Because these various challenges have to be tackled, degree apprenticeships are resource and cost intensive, according to governors. Put bluntly, training apprentices is not a money-making exercise. At one university, specialist skills staff were hired to lead the thrice termly “tripartite reviews” - where the tutor, the apprentice and the employer mentor discuss progress - after an attempt to use part time visiting lecturers proved unsuccessful.

“There are additional financial constraints in terms of what we have to do to deliver degree apprenticeships” said a governor. “It depends how it fits with your mission and your offer. If it doesn’t fit with you mission, why would you offer it?”

To make investment in the programmes worthwhile therefore, they must align with aspects of universities’ strategic plans and institutional vision. 

“For us, this provision completely aligns with what we do which is very employability focused,” said the governor of a new university in London. “We’ve sought to build on particular areas of strength and build fairly steadily rather than go at pace, in order to understand what we are doing and how to do it well.”

Another governor describes it as “something that we have to do in a community service sense”.

Governors also point out that there are no quick wins in terms of outcomes.

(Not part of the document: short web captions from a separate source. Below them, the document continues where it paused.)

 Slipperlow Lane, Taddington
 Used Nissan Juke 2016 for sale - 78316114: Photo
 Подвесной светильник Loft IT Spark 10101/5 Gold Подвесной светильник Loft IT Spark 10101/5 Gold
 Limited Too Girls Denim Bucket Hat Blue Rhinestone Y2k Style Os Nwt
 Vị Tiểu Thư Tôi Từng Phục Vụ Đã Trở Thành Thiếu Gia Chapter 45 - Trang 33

While it might be assumed that degree apprenticeships would boost graduate employment records, the relationship is not clear cut. Apprenticeships generally have relatively high non-completion rates.

Assumptions that apprenticeships can boost widening participation (WP) could also be wide of the mark. A recent Sutton Trust report found they were more likely to be taken by those from more affluent backgrounds.

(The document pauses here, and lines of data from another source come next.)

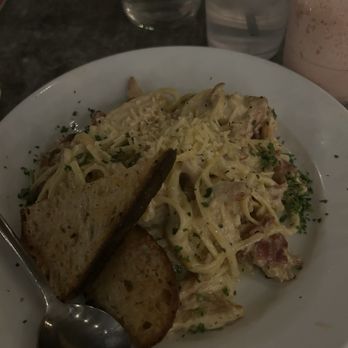 Pier 54 - Chicken carbonara - New American Near Me - Tempe, Arizona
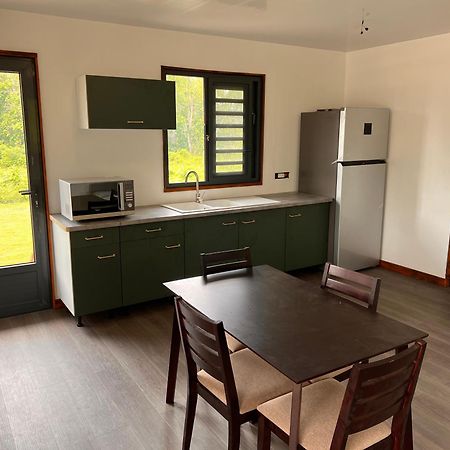 Parea Lodge Huahine Bungalow F2 #Miti Екстериор снимка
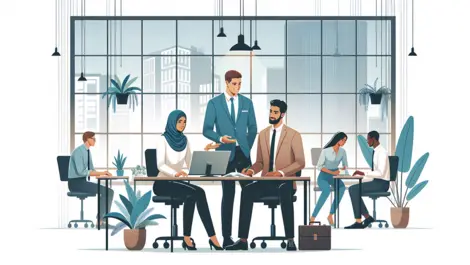 UK managers pivotal in shaping positive workplace culture, study finds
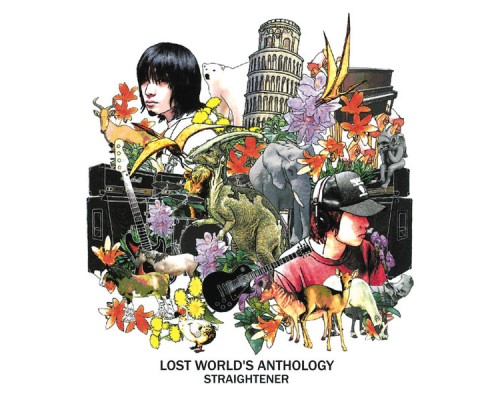 Straightener - Lost World's Anthology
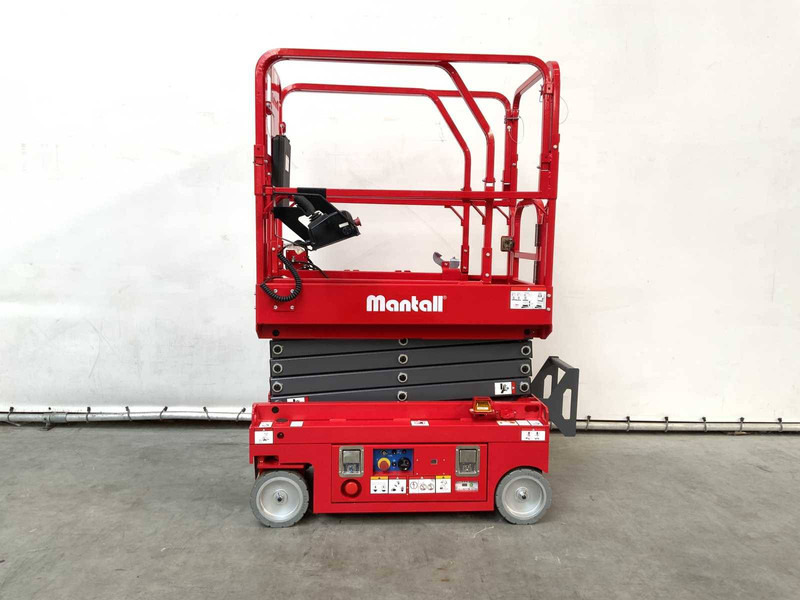 Mantall XE-60 Mini - Plataforma de tijeras: foto 2 Mantall XE-60 Mini - Plataforma de tijeras: foto 2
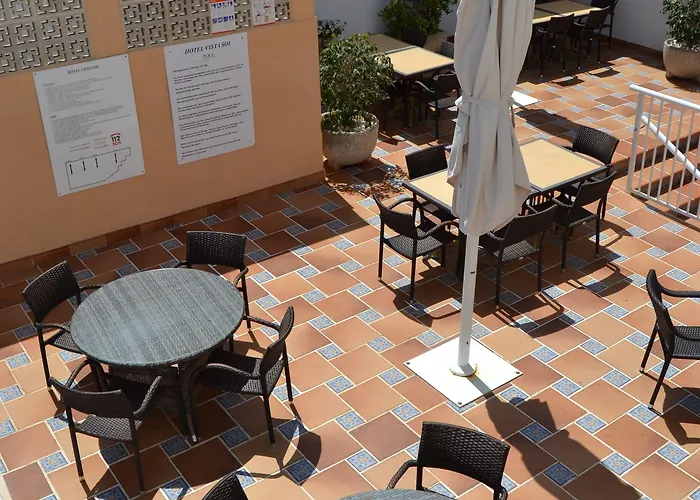 Hotel Vista Sol Cala Rajada Cala Ratjada (Mallorca)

“They do not especially tick the WP boxes and I think that’s the case generally,” said one governor. “It is a high prestige route which is more vocational. We have more white students in our apprenticeships and more males. Those are challenges you have to tackle with your employer because it is about who they are hiring and how much they priorities equal opportunities.”

For many universities with degree apprenticeship programmes, widening access is already at their core, so lack of diversity in degree apprenticeship recruitment is not an issue particularly. But for institutions which might be weighing up whether to offer them, it reduces the pros in the face of what could be seen as considerable cons.

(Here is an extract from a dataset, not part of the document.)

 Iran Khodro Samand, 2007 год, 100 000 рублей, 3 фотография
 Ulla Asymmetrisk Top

The governor of a Russell Group university which does not offer degree apprenticeships said the growth in student numbers over recent years made branching out less attractive.

“We considered expanding into degree apprenticeships a couple of years or so ago and decided not to,” he said. “Of course, it is being kept under review but our growth in student numbers via traditional routes is exceeding our plans by some margin and we don’t really have either the capacity or the will for such a major new strand or development. I doubt we will change our minds in the near to middle future.”

Ultimately, it appears governors question whether higher education can be the main driver for degree apprenticeship expansion. While universities can and do work hard to establish partnerships with industry, demand for apprentices is ultimately employer-led.

According to Universities UK, which has produced a ten-point plan which aims to lay the foundation for future growth in degree apprenticeships, what would help to boost interest across the sector is reform of how they are regulated, better promotion of degree apprenticeships to employers (particularly SMEs) and learners, and ensuring there is sufficient investment and support to guarantee their future success.

Vivienne Stern, UUK’s CEO, said: "Degree apprenticeships have proven to be successful due to their joint development between employers and universities and the fact they enable students to learn while they earn. With further collaboration between the government, the higher education sector and employers, degree apprenticeships could be developed further and can play a key role in plugging the skills gap in the UK."